Kyle charged the nearest soldier, muscle memory from years of training guiding his blade. He was skilled—more skilled than Marcus had ever been at anything physical—but he was also fifteen years old and facing professional killers.

His sword took the soldier in the neck, arterial blood spraying across the stone floor. For a moment, Kyle felt a surge of hope. Maybe he could change things. Maybe knowing the story would let him save his family.

Then three more soldiers surrounded him.

The first blade took him in the shoulder, spinning him around. The second opened a line across his ribs. The third—a massive two-handed sword wielded by a giant of a man—cleaved through his ribcage like he was made of paper.

Kyle collapsed, blood pooling beneath him. Through dimming vision, he watched Eleanor Thorne die fighting to reach her fallen husband, watched the servants who had raised him cut down like wheat, watched everything burn.

*Not again,* he thought desperately. *Not again, not again, not again.*

The last thing Kyle Thorne saw was fire consuming the family tapestries, erasing House Thorne from history as thoroughly as if they had never existed.

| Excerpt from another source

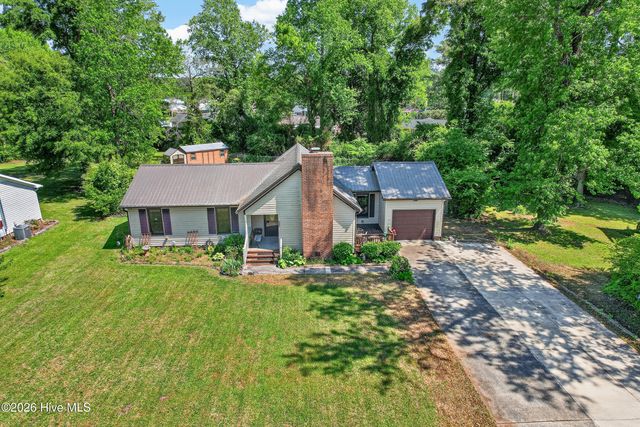 207 Stillwood Drive, Jacksonville, NC 28540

The last thing he heard was his own dying breath, rattling in his chest like autumn leaves.

The last thing he felt was a rage so pure, so absolute, that it seemed to burn brighter than the flames devouring his home.

Then there was darkness.

And in that darkness, a voice spoke.

"How fascinating. Two deaths, two families, two betrayals. Tell me, broken soul—what would you give for the power to ensure this never happens again?"

Marcus-Kyle opened eyes that existed in a space between spaces, looking up at a figure that seemed to be made of starlight and cruel amusement. The being wore the face of a beautiful man, but its eyes held the weight of eternity and the casual indifference of someone who had watched countless tragedies unfold for entertainment.

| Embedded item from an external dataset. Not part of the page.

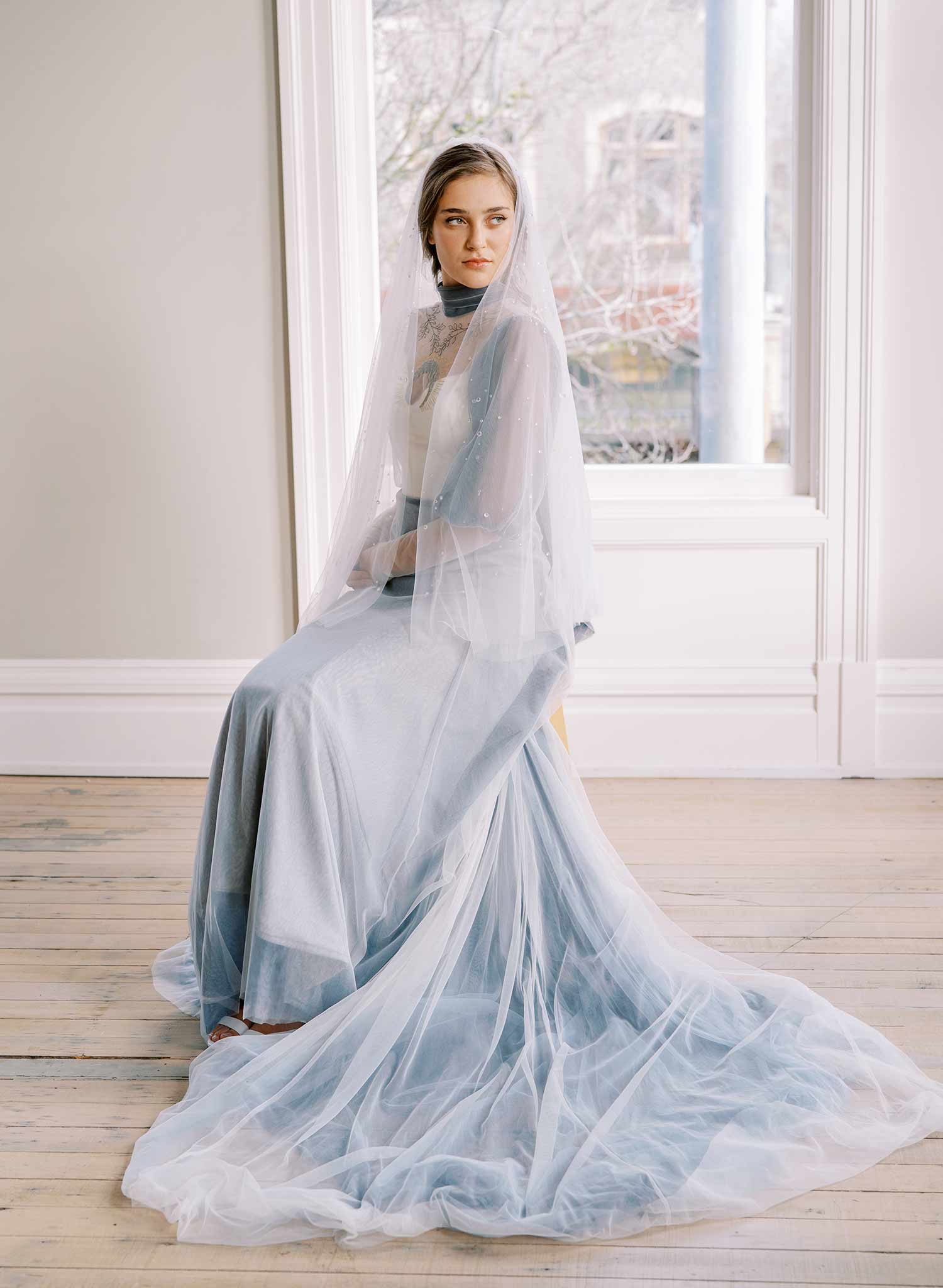 clear crystal raindrop tulle bridal veil with blusher, twigs and honey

"Who are you?" Kyle whispered.

"I am Aethon, God of Narrative Cycles. I oversee the grand stories that unfold across infinite realities—the rise and fall of heroes, the schemes of villains, the endless dance of conflict and resolution." The god's smile was razor-sharp. "And you, dear child, have provided me with quite the interesting tale. A man betrayed, reincarnated, and betrayed again. Delicious in its symmetry."

"You... you think this is entertaining?" Rage built in Kyle's voice. "My families are dead. Children are dead. And you find it amusing?"

"I find it *narratively satisfying.*" Aethon waved a dismissive hand. "But I must admit, your particular brand of persistent suffering has piqued my interest. Most souls break after the first betrayal. You've endured two with your hatred intact. Admirable, really."

"Give me another chance." Kyle's ghostly fists clenched. "Give me the power to make them pay."

"Them? Which them? The soldiers who killed the Thornes were simply following orders. Lord Malachar was playing his role as written. Your business partner—well, he's in an entirely different reality now." Aethon's laugh echoed like breaking glass. "Revenge is such a wonderfully destructive force, but it requires proper targets."

"Then give me the power to hunt them all. Every last person who profits from the suffering of innocents. Every hero who lets evil flourish. Every villain who destroys families for personal gain. Every god who finds misery entertaining." Kyle's voice dropped to a whisper. "Give me that power, and I swear I'll make you regret ever taking pity on me."

Aethon's eyes gleamed with predatory interest. "How delightfully presumptuous. Very well, broken soul. I shall grant you exactly what you've asked for. A third life, a system to grow stronger, and all the time you need to pursue your vengeance." The god leaned forward, his smile turning cruel. "But know this—I expect to be thoroughly entertained by your struggles. Don't disappoint me."

Power flooded through Kyle's consciousness, burning like liquid fire through his very essence. Information scrolled past his awareness—levels, skills, progression trees, all the mechanical underpinnings of growth and advancement.

"Welcome to your last gambit, Silas Grimm," Aethon whispered as reality dissolved around them. "Try not to die too quickly this time."

The last thing Kyle-Marcus-Silas heard was the god's laughter, echoing through the void like a promise of suffering to come.